Photosynthesis creates the food we eat and the oxygen we breathe - could it also help supply our future energy requirements by creating clean-burning hydrogen?
Photosynthesis creates the food we eat and the oxygen we breathe - could it also help supply our future energy requirements by creating clean-burning hydrogen? Researchers studying the single-celled green alga that produces hydrogen, named Chlamydomonas reinhardtii, have discovered a new fermentation pathway within it, one that was previously unknown and that could open a window to new possibilities for increasing hydrogen production.
Algae, which often inhabit soils, naturally produce small amounts of hydrogen when deprived of oxygen. Similar to yeast and other bacteria, under non-aerial conditions this algae produces the energy it needs through fermentation. During the fermentation, hydrogen is released as a result of the activity of an enzyme called hydrogenase which is activated by electrons originating either from the discharge of organic compounds or from the splitting of water by photosynthesis. Normally, only a small part of these electrons is used to produce hydrogen. However, a main research goal is to develop ways to increase this amount, which will lead to an increase in the amount of hydrogen obtained.
In the new study, published by Alexandra Dubini and her colleagues in the scientific journal Journal of Biological Chemistry, researchers from the Department of Plant Biology at the Carnegie Institution, from the National Renewable Energy Laboratory and the Colorado School of Minerals examined metabolic processes in a genetically modified strain that was unable to produce a hydrogenase enzyme for itself active.
The researchers expected that cell metabolism would compensate for this by increasing other pathways, such as those that produce formate and ethanol as end products. In contrast, the algae activated a different metabolic pathway leading to the creation of the compound succinate, which was not previously linked to any fermentation process in this algae. It is worth noting that succinate, a very common industrial chemical synthesized from petroleum, is included in the US Department of Energy's list of the dozen most important chemicals obtained from biomass.
"We actually did not know that this particular metabolic pathway of fermentation existed in algae until we created the transgenic strain," says one of the researchers. "These findings imply that there is a lot of flexibility between the different pathways in which algae use carbon under non-aerobic conditions. By blocking and changing some of these metabolic pathways, we can increase the contribution of electrons to the enzyme under these conditions and increase the levels of hydrogen obtained."

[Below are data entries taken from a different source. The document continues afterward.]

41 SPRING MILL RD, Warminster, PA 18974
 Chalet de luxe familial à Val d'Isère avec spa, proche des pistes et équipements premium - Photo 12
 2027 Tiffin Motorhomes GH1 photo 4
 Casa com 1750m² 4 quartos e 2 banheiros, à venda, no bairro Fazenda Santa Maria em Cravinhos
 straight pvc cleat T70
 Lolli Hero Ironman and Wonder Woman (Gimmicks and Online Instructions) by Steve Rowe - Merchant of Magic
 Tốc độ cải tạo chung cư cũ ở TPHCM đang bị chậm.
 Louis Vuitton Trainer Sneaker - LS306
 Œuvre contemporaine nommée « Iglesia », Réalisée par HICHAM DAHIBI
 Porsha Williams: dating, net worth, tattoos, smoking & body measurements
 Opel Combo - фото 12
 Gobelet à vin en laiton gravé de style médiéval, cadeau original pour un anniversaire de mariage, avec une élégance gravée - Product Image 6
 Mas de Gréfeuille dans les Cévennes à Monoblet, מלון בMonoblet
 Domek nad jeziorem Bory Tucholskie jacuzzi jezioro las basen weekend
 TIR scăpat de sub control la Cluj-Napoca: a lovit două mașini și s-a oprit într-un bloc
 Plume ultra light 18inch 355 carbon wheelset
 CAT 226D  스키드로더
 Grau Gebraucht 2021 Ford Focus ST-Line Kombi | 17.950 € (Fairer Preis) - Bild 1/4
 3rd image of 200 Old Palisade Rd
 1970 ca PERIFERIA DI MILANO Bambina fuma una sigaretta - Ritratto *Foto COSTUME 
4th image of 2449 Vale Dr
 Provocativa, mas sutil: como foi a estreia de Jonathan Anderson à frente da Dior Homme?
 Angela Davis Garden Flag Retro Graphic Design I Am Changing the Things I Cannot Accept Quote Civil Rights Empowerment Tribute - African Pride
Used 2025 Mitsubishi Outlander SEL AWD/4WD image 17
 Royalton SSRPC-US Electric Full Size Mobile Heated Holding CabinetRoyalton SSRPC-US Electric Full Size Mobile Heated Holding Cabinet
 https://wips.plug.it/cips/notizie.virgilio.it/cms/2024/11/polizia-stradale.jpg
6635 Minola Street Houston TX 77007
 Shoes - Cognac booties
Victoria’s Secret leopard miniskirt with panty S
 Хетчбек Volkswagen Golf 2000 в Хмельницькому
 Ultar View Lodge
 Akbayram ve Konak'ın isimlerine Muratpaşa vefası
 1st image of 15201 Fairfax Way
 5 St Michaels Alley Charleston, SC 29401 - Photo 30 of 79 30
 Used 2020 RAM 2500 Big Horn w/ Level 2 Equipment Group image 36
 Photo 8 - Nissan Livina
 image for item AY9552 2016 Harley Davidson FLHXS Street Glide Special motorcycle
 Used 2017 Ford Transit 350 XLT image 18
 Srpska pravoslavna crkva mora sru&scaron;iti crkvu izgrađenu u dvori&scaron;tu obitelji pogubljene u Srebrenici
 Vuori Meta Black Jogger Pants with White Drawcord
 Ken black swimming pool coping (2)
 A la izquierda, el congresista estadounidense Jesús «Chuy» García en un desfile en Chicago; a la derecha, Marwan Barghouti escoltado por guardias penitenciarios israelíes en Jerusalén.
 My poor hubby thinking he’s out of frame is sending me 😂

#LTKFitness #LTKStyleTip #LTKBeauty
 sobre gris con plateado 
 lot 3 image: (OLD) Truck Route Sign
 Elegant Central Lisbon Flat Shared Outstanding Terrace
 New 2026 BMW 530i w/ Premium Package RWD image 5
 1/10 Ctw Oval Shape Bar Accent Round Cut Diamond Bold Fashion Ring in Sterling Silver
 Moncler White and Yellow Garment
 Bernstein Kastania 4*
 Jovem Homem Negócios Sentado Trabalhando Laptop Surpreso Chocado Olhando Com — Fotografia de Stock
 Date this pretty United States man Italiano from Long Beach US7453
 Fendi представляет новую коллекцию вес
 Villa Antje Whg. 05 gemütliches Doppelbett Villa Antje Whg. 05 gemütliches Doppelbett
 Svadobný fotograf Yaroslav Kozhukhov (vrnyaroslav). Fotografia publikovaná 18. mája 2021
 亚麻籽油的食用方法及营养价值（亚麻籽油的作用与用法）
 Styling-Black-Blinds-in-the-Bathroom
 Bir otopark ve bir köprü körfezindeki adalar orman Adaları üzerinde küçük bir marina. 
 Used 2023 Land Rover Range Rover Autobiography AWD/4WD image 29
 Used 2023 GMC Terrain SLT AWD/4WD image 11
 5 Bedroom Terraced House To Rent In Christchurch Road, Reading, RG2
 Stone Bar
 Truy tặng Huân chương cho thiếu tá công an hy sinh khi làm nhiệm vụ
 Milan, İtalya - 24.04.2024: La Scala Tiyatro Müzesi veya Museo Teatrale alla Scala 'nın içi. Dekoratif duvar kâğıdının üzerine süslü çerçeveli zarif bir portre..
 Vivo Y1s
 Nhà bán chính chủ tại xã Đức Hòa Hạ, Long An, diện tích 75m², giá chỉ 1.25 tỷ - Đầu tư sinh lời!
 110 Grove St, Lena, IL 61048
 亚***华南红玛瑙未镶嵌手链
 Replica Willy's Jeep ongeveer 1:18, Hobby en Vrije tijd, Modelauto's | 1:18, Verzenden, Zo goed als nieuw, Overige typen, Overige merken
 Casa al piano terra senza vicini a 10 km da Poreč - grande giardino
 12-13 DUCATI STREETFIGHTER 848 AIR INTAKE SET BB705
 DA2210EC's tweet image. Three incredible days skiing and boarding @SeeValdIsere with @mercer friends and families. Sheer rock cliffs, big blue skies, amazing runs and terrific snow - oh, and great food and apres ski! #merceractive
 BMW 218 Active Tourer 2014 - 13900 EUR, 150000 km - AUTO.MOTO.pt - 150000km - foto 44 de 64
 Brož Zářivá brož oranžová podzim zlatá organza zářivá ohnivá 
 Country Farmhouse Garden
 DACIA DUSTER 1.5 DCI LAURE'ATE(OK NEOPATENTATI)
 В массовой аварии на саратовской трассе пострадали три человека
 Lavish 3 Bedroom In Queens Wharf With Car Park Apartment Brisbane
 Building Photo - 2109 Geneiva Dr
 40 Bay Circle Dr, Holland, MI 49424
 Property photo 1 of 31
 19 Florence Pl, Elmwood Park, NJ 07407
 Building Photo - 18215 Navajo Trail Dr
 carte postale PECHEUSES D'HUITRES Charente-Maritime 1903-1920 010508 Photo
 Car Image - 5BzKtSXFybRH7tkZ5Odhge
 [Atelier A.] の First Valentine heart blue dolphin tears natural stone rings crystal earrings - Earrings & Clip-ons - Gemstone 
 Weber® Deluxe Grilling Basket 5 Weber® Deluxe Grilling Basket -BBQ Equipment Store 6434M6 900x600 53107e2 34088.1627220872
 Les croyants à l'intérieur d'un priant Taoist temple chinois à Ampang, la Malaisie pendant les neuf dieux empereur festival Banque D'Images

The researcher points out that it is very likely from an evolutionary point of view that the organisms living in the soil will have a variety of metabolic pathways at their disposal. Oxygen levels, nutrient availability, and levels of metals and toxins in the soil can change drastically, both in the short and long term. "In such a changing environment, such organisms must develop flexible metabolic pathways for themselves; The variety of conditions to which they are exposed may favor one energy pathway over another, which will help the organism cope better, from an evolutionary point of view, with its living conditions," explains the researcher.
The researchers led a joint effort to obtain a complete algal genome sequence, which would allow them to identify key genes that encode the same proteins involved in both fermentation and hydrogen production. The researchers feel that there is an immediate importance in the creation of new transgenic strains that could help us in understanding the acceptance of fermentation pathways and hydrogen production. One of the main researchers explains: "The main goal of this research is to gain a basic understanding of the variety of possibilities for metabolic processes that occur in algae and what their interrelationships are; These efforts will lead to the development of innovative ways to create renewable hydrogen and other biofuels like it, which will contribute to all of us energetically."
"These are really exciting times in this field," says one of the researchers. "The tools developed at the Carnegie Institution and by other groups in the field present unprecedented opportunities for scientists looking for important advances in our understanding of the basic biology of organisms such as the aforementioned algae."
As a possible alternative source of energy to fuels derived from fossils (primarily oil), the use of hydrogen will significantly reduce the emission levels of greenhouse gases. Those who support the production of hydrogen based on algae point out that, unlike ethanol produced from agricultural crops, this method will not compete with the production of food from agricultural land.